Deistler bir ilahın bir tanrının varlığını kabul ediyoruz diyorlar. Deist olan kişiye diyoruz ki: Senin inandığın İlah merhametli midir, yoksa acımasız mıdır? Evet, bizler onun merhametiyle yokluk karanlıklarından varlık âlemine çıktık, onun merhametiyle yeryüzü bize bir mesken, güneş o meskene bir lamba ve soba, ay karanlık gecene bir kandil olmuş.
Yine onu merhametiyle yeryüzü bir sofra olmuş hiç umulmadık yerlerden bize ikram edilmiş. Bak inekler süt çeşmesi, arılar bal küpü, denizler taze balık deposu, ağaçlar sanki o rahmetin eli olmuş renkleri farklı, lezzetleri farklı, şekilleri farklı nimetler bize ihsan edilmiş. Tadıyla diline, şekliyle gözüne, mahiyeti ile tüm vücuduna gıda olmuş. Toprak sanki bir kazan içinde neler neler pişiriliyor ve ikram ediliyor.
Uzaklara gitme kendine bak kalp, ruh, akıl, göz, kulak ve ağız gibi birçok aza ve duyguları sana veren aynı merhamet değil midir? Hem bir annenin yavrusuna olan şefkatine bak bu kimin eseri.

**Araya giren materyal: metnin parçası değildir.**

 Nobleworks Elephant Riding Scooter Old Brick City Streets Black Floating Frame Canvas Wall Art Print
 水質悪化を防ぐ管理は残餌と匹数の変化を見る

Evet, bunca şeyi gördükten sonra o ilahın merhametinden bir şüphen kalmadığını sende biliyorsun bizde biliyoruz.
Şimdi ölüm denen bir gerçek var ki sen o ölüme yokluk diyorsun, hiçlik diyorsun. Aslında bunu sadece sen diyorsun çünkü senin konuşmayan ve karışmayan ilahın var. Onu yerine sen konuşuyorsun. Şimdi soruyorum?
Böyle merhamet sahibi olan ve merhametinin tecellilerini her yerde gösteren bir ilah kullarını tekrar yok etmekle kendinin merhametsiz ve acımasız olarak bilinmesine müsaade eder mi?

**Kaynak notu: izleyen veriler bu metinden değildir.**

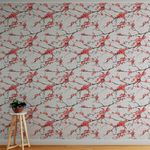 Papel de Parede Folhas Vermelhas com Galhos 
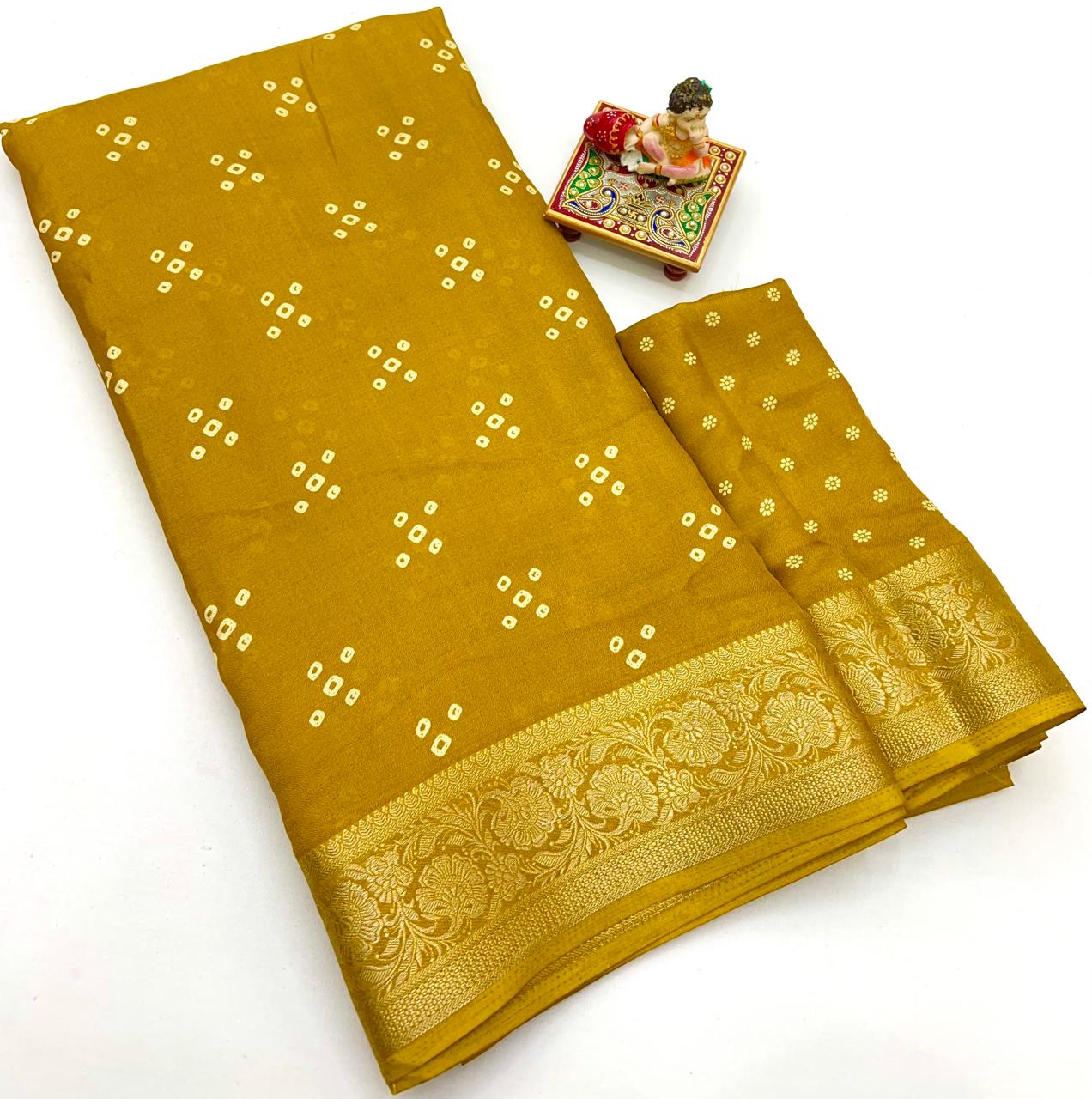 Mustard Calcutta Moss Georgette Printed Saree With Zari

Mesela bir adam seni uçurumun kenarından kurtarsa önüne sofralar serse. Artık onun merhametinden şüphe etmezsin. Onun seni tekrar o uçurama atacağına ihtimal vermezsin. Dersinki atacak olsa zaten atardı oradan çıkarmazdı. Önüme bu sofraları koymazdı dersin.
Aynen bizlerde yokluk karanlıklarında idik. Rahmetin tecellisi ile varlık âlemine çıktık bize merhamet edildi önümüze ne sofralar konuldu kaldırıldı. Şimdi onun merhametinden şüphe edip bizi tekrar yokluk karanlıklarına atacağına nasıl ihtimal verirsin. Atacak olsa niye çıkardı neden bu kadar ikram ve ihsanda bulundu?
Eğer ölüm son ise bir yokluk ise o zaman sana gösterilen bu merhametler, merhametsizlik değil midir? Sana verilen nimetler aslında seninle alay etmek değil midir? Senin ilahın kullarıyla alay eder mi? Buna ihtimal verebiliyor musun? Merhametini bu kadar tecelli ettiren bir ilah seni yokluk karanlıklarından varlık âlemine çıkartan bir ilah, Seni böyle nazenin bir bebek gibi besleyen bir ilah seni tekrar yokluk dediğin o ölüm çukuruna atar mı? Merhametini merhametsizliğe, şefkatini şefkatsizliğe, hikmetini hikmetsizliğe çevirir mi?
Elbette çevirmez? Eğer ölüm yokluk ise insanın kesilmeyi bekleyen bir koyundan ne farkı kalır?
Biliyoruz senin fıtratında ölümü kabul etmiyor. Çünkü sen ebed için yaratıldın?
Şimdi eğer bu ilah ölümün hakikatini anlatmazsa kulları bunu nasıl bilecek? Ölümün ötesinde bir hayat olduğunu nerden anlayacak. Ona böyle merhamet eden, onunla konuşmamakla ona böyle bir acı çektirir mi? Çektirmez dediğini duyar gibiyim.
Gel bu içinden çıkamadığın soruların seni yiyip bitirmesine artık müsaade etme. Sen şu âlemdeki dengeyi, düzeni, sistemi gördün ve hissettin ki bir yaratıcı var. Ama içini kemiren bu sorulara aklınla cevap bulamayacağını artık kabul et. Bu âlemi yaratan zat konuşmuştur yaratılışın hikmetini ve gayesini peygamberler ve semavi kitaplar ile bildirmiştir. O kendini, maksadını anlatmasa biz onu nasıl bilebiliriz. İnsanlığın bu konuda aciz kaldığını sende görüyorsun. Kimi ateşe, kimi güneşe, kimi ineğe tapıyor hala anlamıyor musun? Akıl ile geleceğin noktaya geldin bir yaratıcı var dedin. Artık o yaratıcıyı tanımak istemiyor musun? Onun adına kendin yorumda bulunmayı onun adına konuşmayı bırak. O zaten konuşmuş onu dinle o zaman tüm bu soruların cevap bulacak.